#### [WHAT TO WORK ON]
Everything from the first line of the data through the line with "dragonfly travel mug" is to be echoed exactly, minus the pictures.

=== Section Start ===

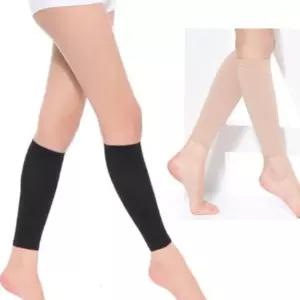 슬림 수면 종아리 압박 아대보호대 2P 스트립밴드 기타재활운동용품 간호사스타킹 승무원스타킹 a-WA84C1F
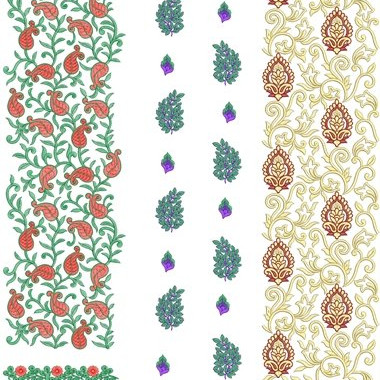 Daman March 2015 Bulk Download | 50 Designs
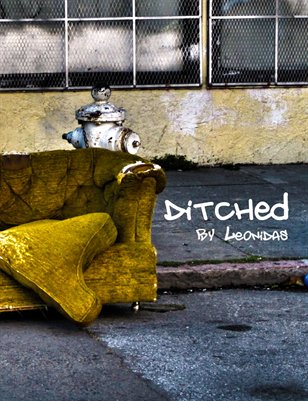 Ditched by Hap Leonard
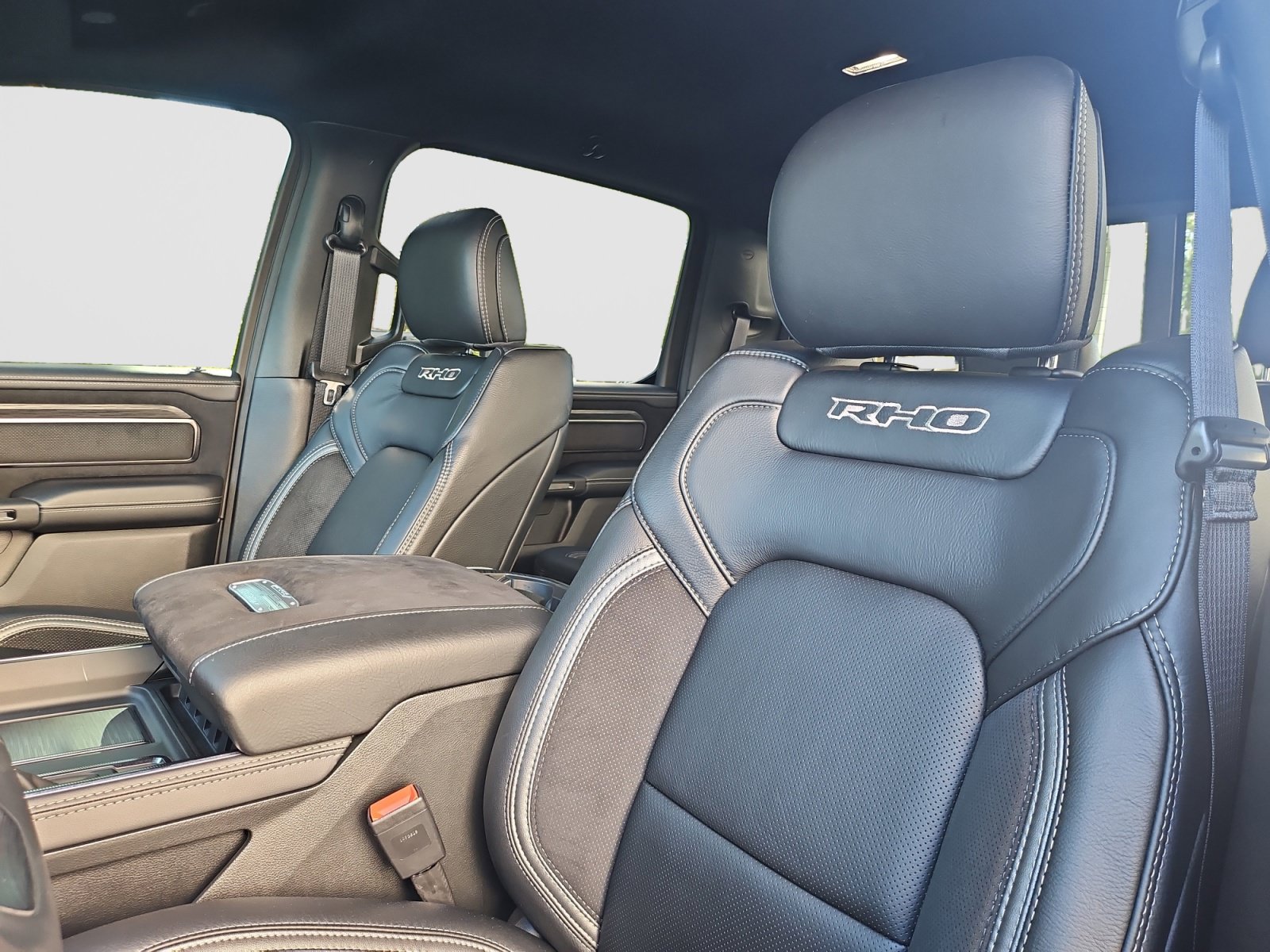 Used 2026 RAM 1500 RHO AWD/4WD image 23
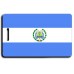 NICARAGUA FLAG LUGGAGE TAGS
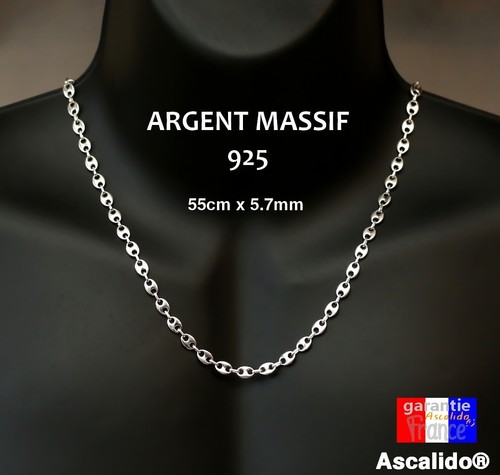 Chaine 55cm seule av - seule,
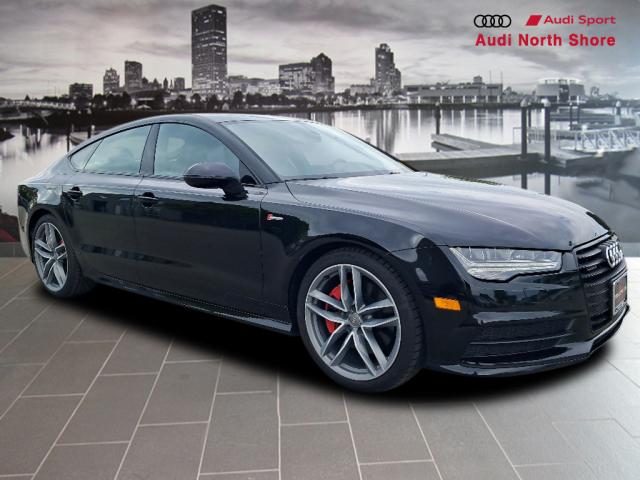 2018 Audi A7 3.0T quattro Premium Plus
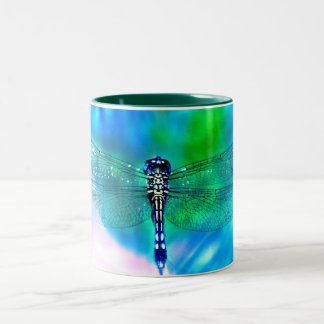 dragonfly travel mug
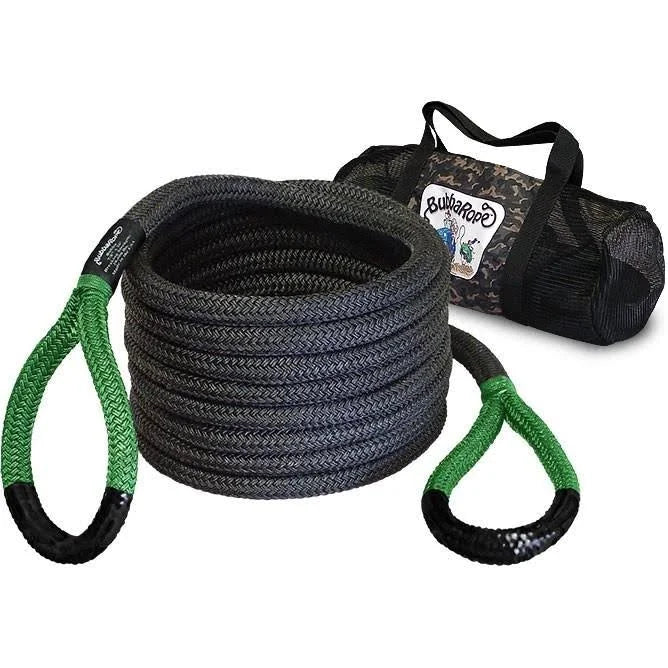 Kinetic Recovery Rope 7/8x22 x 20& Green D45149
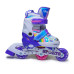 Ролики Scale Sports фиолетовые, размер 26–29 (DP-626874536) Ролики Scale Sports фиолетовые, размер 26–29 (DP-626874536)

=== Section End ===

#### [EXERCISE ANSWER]
 슬림 수면 종아리 압박 아대보호대 2P 스트립밴드 기타재활운동용품 간호사스타킹 승무원스타킹 a-WA84C1F
 Daman March 2015 Bulk Download | 50 Designs
 Ditched by Hap Leonard
 Used 2026 RAM 1500 RHO AWD/4WD image 23
 NICARAGUA FLAG LUGGAGE TAGS
 Chaine 55cm seule av - seule,
 2018 Audi A7 3.0T quattro Premium Plus
 dragonfly travel mug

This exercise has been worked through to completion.